Türkiye approved Finland’s joining of the alliance in Finland after the Nordic state fulfilled the Madrid Agreement signed between Türkiye, Sweden and Finland. The deal stipulates concrete steps in the fight against terror.
Erdoğan said he discussed Türkiye’s long-stalled EU bid path in his phone conversation with U.S. President Biden late on July 9. “I told him that this is the expectation of our nation for 50 years. We are Türkiye, not an ordinary country,” he stated.
The Turkish President recalled that he will have a meeting with Biden on July 11 with hopes to overcome the differences between the two countries on the defense cooperation and fight against terrorism.

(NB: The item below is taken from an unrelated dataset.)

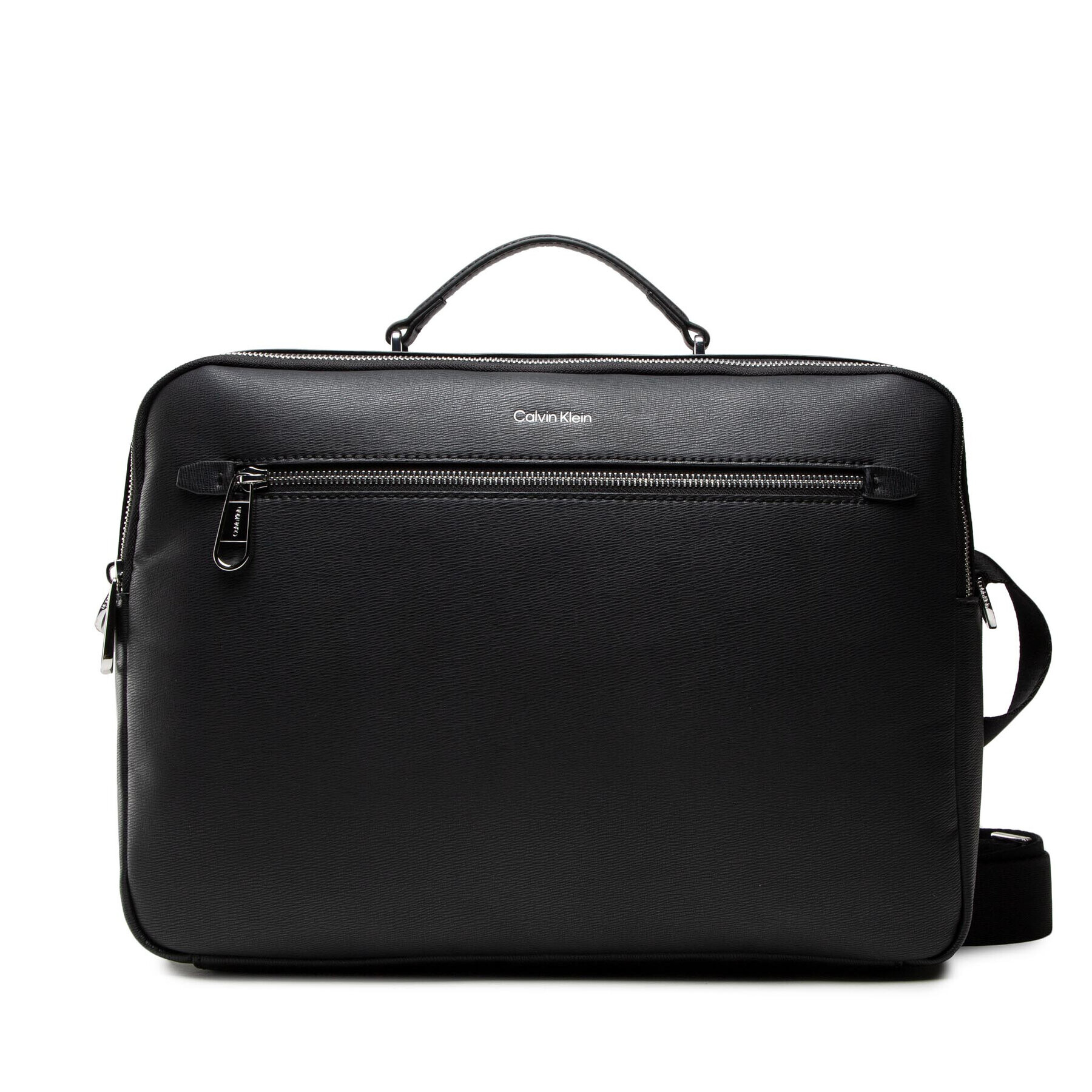 Calvin Klein Чанта за лаптоп Minimalism 2G Cony Laptop Bag K50K508680 Черен - Pepit.bg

Türkiye officially requested to buy 40 new F-16s and 79 modernization kits from the U.S. after it was expelled from the F-35 next generation fighter jet program. Due to the objections in the U.S. Congress, the Biden administration has not yet formally sent the sale to the approval of the congressmen.
“Biden tells me that he is doing his best to this end. And he asks the same from us [on Sweden]. But these are two completely different issues,” Erdoğan said, criticizing Washington’s attempts to link these two issues. The supply of the F-16s to Türkiye will strengthen NATO’s power in the south wing, Erdoğan recalled.
He also said the U.S. has not yet reimbursed $1.45 billion that Türkiye had paid for the F-35s and underlined that he will raise all these matters during the meeting on July 11.
On a question, Erdoğan recalled that the last word on Sweden’s bid to enter the alliance belongs to the Turkish Parliament. “If they have their Congress, then we have our Turkish Grand National Assembly. It is impossible to admit Sweden in NATO unless our parliament says ‘yes,’” he stated.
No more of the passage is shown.